- **What the task requires**:
When you reach the records, transcribe each one exactly.

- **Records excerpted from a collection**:
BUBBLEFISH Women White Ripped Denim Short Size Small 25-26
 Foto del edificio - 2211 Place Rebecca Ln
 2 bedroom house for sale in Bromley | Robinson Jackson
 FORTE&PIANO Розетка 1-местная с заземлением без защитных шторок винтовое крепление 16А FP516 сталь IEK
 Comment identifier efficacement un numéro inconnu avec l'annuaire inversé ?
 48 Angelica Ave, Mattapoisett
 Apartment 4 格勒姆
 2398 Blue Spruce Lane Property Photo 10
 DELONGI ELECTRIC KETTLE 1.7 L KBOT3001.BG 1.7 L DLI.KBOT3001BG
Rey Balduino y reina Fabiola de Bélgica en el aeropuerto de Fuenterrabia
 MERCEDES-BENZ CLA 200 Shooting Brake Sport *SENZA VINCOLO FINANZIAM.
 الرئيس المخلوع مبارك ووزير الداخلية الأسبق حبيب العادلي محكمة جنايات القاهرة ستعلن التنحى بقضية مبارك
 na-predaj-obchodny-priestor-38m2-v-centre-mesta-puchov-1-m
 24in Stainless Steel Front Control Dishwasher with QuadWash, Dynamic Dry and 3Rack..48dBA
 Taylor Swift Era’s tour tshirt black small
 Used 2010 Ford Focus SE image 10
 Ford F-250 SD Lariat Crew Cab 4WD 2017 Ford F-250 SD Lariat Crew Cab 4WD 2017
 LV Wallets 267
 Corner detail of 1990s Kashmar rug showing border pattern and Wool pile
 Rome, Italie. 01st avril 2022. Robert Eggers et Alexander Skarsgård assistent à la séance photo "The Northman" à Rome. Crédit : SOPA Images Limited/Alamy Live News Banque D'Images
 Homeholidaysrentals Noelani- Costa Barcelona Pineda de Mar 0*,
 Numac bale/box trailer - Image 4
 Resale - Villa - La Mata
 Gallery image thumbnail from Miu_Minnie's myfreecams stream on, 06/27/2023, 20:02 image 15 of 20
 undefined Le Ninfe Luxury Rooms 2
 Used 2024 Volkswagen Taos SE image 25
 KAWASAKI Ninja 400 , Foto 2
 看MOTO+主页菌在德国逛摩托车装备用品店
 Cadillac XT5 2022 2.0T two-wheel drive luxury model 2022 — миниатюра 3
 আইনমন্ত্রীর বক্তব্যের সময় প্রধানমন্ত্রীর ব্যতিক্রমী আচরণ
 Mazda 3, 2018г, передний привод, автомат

- **Result**:
BUBBLEFISH Women White Ripped Denim Short Size Small 25-26
 Foto del edificio - 2211 Place Rebecca Ln
 2 bedroom house for sale in Bromley | Robinson Jackson
 FORTE&PIANO Розетка 1-местная с заземлением без защитных шторок винтовое крепление 16А FP516 сталь IEK
 Comment identifier efficacement un numéro inconnu avec l'annuaire inversé ?
 48 Angelica Ave, Mattapoisett
 Apartment 4 格勒姆
 2398 Blue Spruce Lane Property Photo 10
 DELONGI ELECTRIC KETTLE 1.7 L KBOT3001.BG 1.7 L DLI.KBOT3001BG
Rey Balduino y reina Fabiola de Bélgica en el aeropuerto de Fuenterrabia
 MERCEDES-BENZ CLA 200 Shooting Brake Sport *SENZA VINCOLO FINANZIAM.
 الرئيس المخلوع مبارك ووزير الداخلية الأسبق حبيب العادلي محكمة جنايات القاهرة ستعلن التنحى بقضية مبارك
 na-predaj-obchodny-priestor-38m2-v-centre-mesta-puchov-1-m
 24in Stainless Steel Front Control Dishwasher with QuadWash, Dynamic Dry and 3Rack..48dBA
 Taylor Swift Era’s tour tshirt black small
 Used 2010 Ford Focus SE image 10
 Ford F-250 SD Lariat Crew Cab 4WD 2017 Ford F-250 SD Lariat Crew Cab 4WD 2017
 LV Wallets 267
 Corner detail of 1990s Kashmar rug showing border pattern and Wool pile
 Rome, Italie. 01st avril 2022. Robert Eggers et Alexander Skarsgård assistent à la séance photo "The Northman" à Rome. Crédit : SOPA Images Limited/Alamy Live News Banque D'Images
 Homeholidaysrentals Noelani- Costa Barcelona Pineda de Mar 0*,
 Numac bale/box trailer - Image 4
 Resale - Villa - La Mata
 Gallery image thumbnail from Miu_Minnie's myfreecams stream on, 06/27/2023, 20:02 image 15 of 20
 undefined Le Ninfe Luxury Rooms 2
 Used 2024 Volkswagen Taos SE image 25
 KAWASAKI Ninja 400 , Foto 2
 看MOTO+主页菌在德国逛摩托车装备用品店
 Cadillac XT5 2022 2.0T two-wheel drive luxury model 2022 — миниатюра 3
 আইনমন্ত্রীর বক্তব্যের সময় প্রধানমন্ত্রীর ব্যতিক্রমী আচরণ
 Mazda 3, 2018г, передний привод, автомат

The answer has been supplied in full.